After 8 hours of down time, I was feeling like a new man when I woke up at Palasades. This seemed like a popular stopping point for a lot of racers, so that made me feel slightly better about my decision to stop.
First order of business for day 3 was get get to and take down the Oracle Ridge trail. This is the point where my experience from 2013 would end and I was somewhat looking forward to seeing new trail, but nervous about what lies ahead, given all the horror stories that are told of Oracle Ridge.
When I first started riding Oracle Ridge, my first thought was "this isn't so bad". Shortly followed by "wow, that's a lot of exposure". Then after about a half hour of riding sketchy, exposed trail, it seems like the trail just disappears into the bushes. It was time to let the trail draw blood, as the only way to proceed was to push the bike straight through the brush and cacti. Luckily, there were a couple of hikers who were taking a break up on the ridge that I could stop and have a few good laughs with, or my sanity might have been in real jeopardy. About 15 minutes after passing the hikers, my sanity took another significant blow when one of those hikers was passing me! how does this happen???? I felt like the trail was just wide enough for me to push my bike down the trail while I walked through the thorn bushes beside the trail.
Luckily, the Oracle Ridge Trail itself was fairly short. Unlucky is the fact that the doubletrack that followed wasn't really any easier. The road was chunky enough that I was walking downhill to avoid crashing... and then there's the 45 degree uphill double track. I fear the truck that made those tracks!
There's just nothing fast about that trail as it pointlessly takes you the long way around Oracle and to the highway, which I hopped on to head back to Oracle and get some lunch.
The Oracle Patio Cafe seemed like the place to be if you are an AZT racer, so that's where I went too. It was a great opportunity to relax in the shade and visit with other racers. After lunch, we all headed over to the circle K before heading back to the trail.
Thankfully, a few clouds had made their way into the sky while I was in Oracle to offer me some relief from the afternoon heat. I ended up catching up with Rick Miller and was riding with him when we saw our first gila monster of the ride. Naturally, we took a break to take a picture, but my phone was on it's last leg, so I didn't get any pictures of my own.

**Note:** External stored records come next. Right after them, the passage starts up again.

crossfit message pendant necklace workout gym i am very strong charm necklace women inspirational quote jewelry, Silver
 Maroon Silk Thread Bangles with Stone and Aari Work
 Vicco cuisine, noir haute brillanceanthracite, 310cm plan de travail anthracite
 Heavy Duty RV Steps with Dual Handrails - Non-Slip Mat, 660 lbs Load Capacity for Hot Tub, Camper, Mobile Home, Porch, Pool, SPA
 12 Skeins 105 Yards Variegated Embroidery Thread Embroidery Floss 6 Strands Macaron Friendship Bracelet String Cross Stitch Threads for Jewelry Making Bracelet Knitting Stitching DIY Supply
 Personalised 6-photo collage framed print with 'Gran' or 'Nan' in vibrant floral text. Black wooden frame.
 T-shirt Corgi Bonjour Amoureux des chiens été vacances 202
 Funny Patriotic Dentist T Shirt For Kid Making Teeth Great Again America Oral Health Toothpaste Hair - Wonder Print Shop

Gili Monster - Photo Courtesy of Rick Miller
As with every evening out there on the 300 route, as the sun got lower and the temperatures got lower, my mood and energy seemed to improve. Night time seems to bring me new life where I can once again mash on the pedals without the heat making my stomach boil. The trail seemed to get faster and faster the closer I got to freeman road, and the cooler the temperatures dropped. I came up on a gate a few miles before freeman that I thought I had to go through. When I dismounted the bike, I swung my ankle straight into the cholla. My achilles tendon instantly locked up. Other than pulling what needles I could out of my leg, I wasn't sure what to do, so I figured I should just press forward and hope that it would work itself out.
The trail after freeman road seemed to be even faster than the trail leading up to it and my legs seemed to be getting stronger after stopping at freeman road to eat a Reuben sandwich that I had carried from the Patio Cafe in Oracle. I would really like to see a picture of what this area looks like during the day time, because my mind could not quite grasp at night what this area must be like (I'm thinking flat power line trail).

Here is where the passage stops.